(Prompt): Write out every line exactly, from the start of the records below to the line with "Sudadera oversize con parche de cuero", and stop there. Don't write out the pictures.

___ Data for this exercise

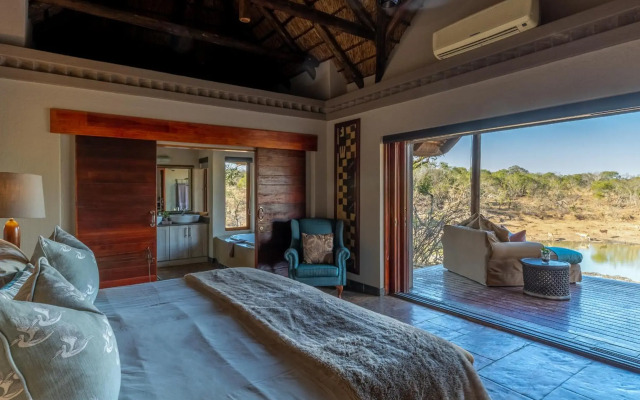 Waterbuck Game Lodge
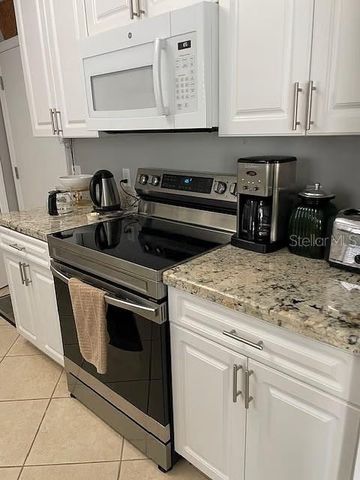 716 DOMINGUEZ DRIVE, Lady Lake, FL 32159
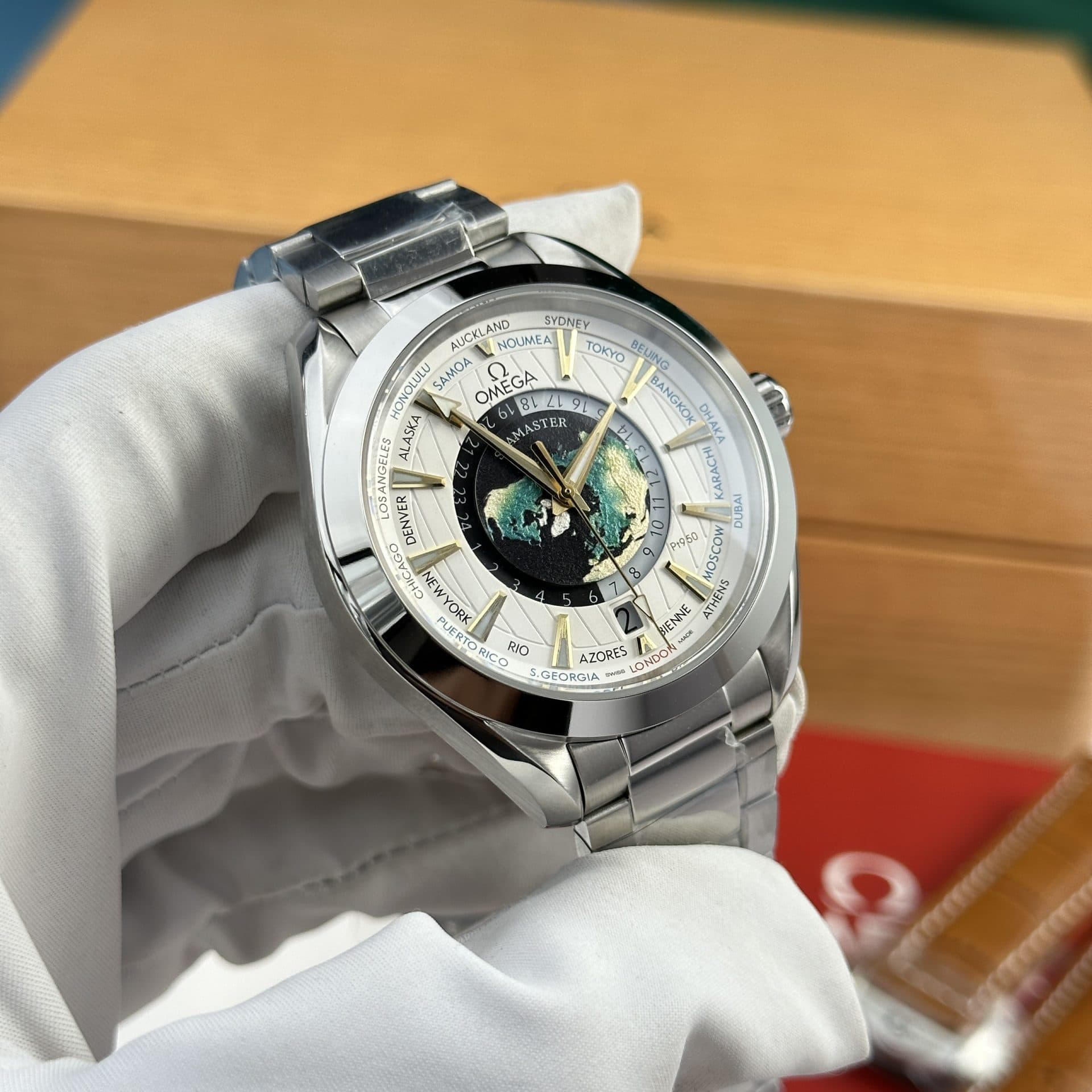 Dong-Ho-Omega-Che-Tac-Aqua-Terra-Worldtimer-Cao-Cap-Nhat-2-1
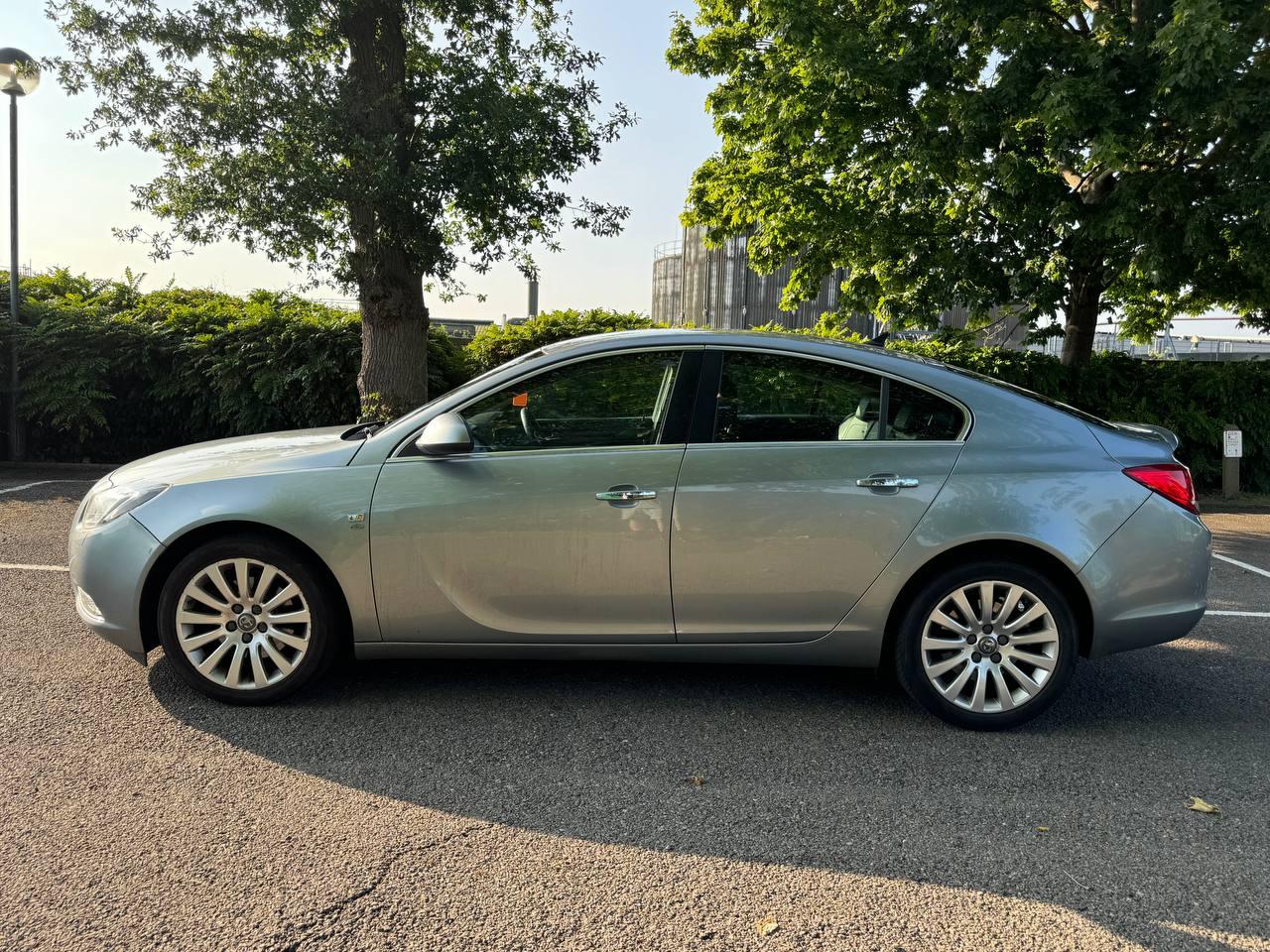 Vauxhall Insignia 2.0 CDTi Elite Nav Hatchback 5dr Diesel Auto Euro 5 (160 ps)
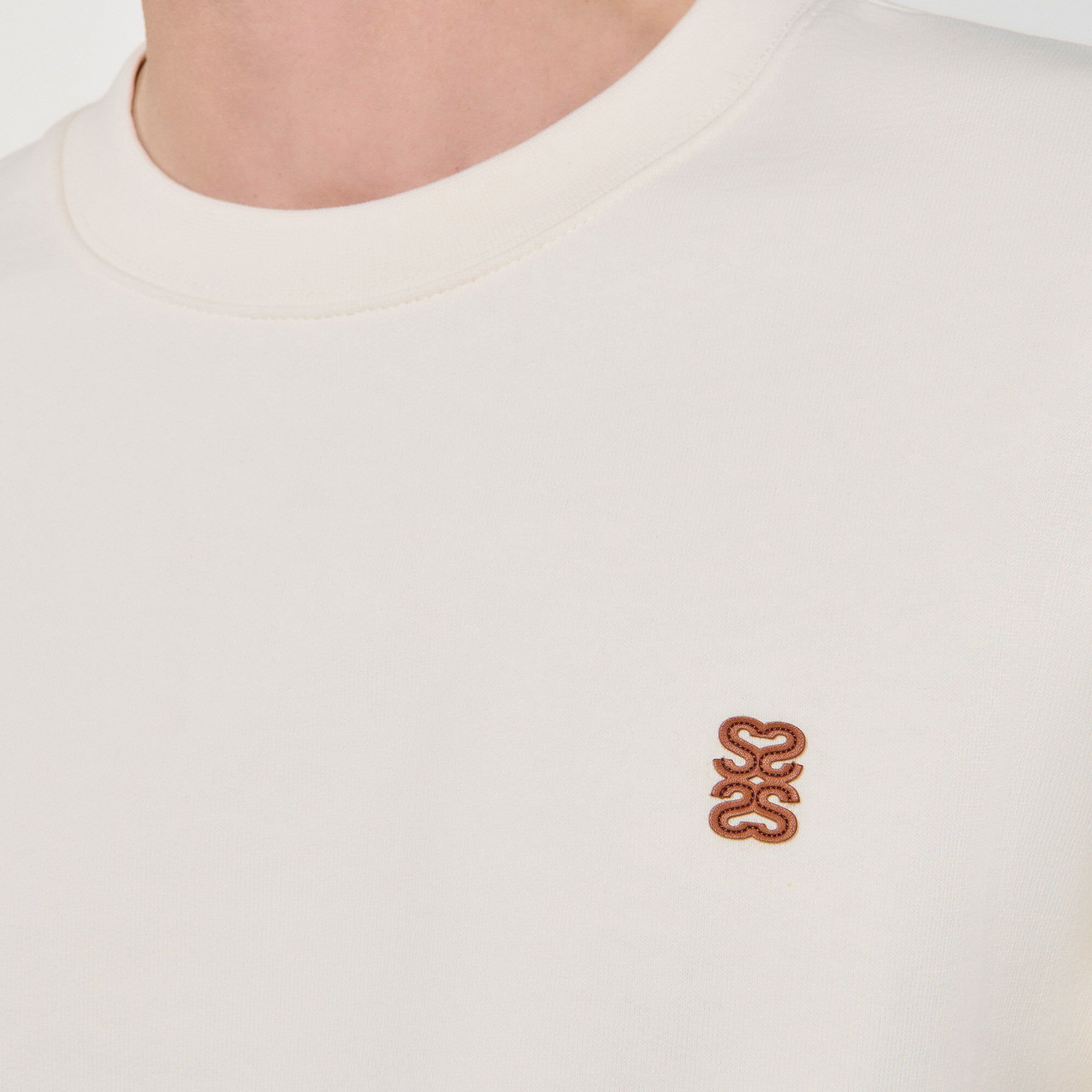 Sudadera oversize con parche de cuero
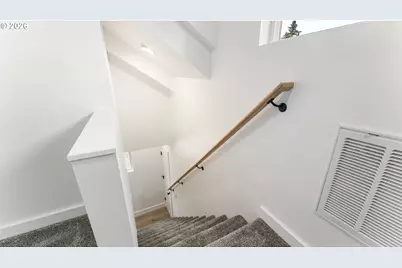 4715 NE 100th Ave, Portland, OR 97220 - Photo 17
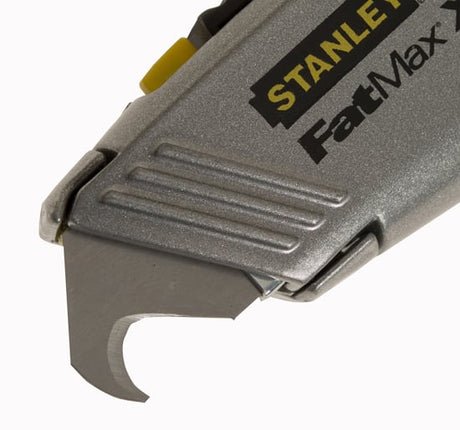 Stanley Fatmax Xtreme Retractable Twin Blade Knife 0 - 10 - 789 - Type - STA010789 - Stanley FatMax - Trade Counter Direct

______

(Solution to this problem):
 Waterbuck Game Lodge
 716 DOMINGUEZ DRIVE, Lady Lake, FL 32159
 Dong-Ho-Omega-Che-Tac-Aqua-Terra-Worldtimer-Cao-Cap-Nhat-2-1
 Vauxhall Insignia 2.0 CDTi Elite Nav Hatchback 5dr Diesel Auto Euro 5 (160 ps)
 Sudadera oversize con parche de cuero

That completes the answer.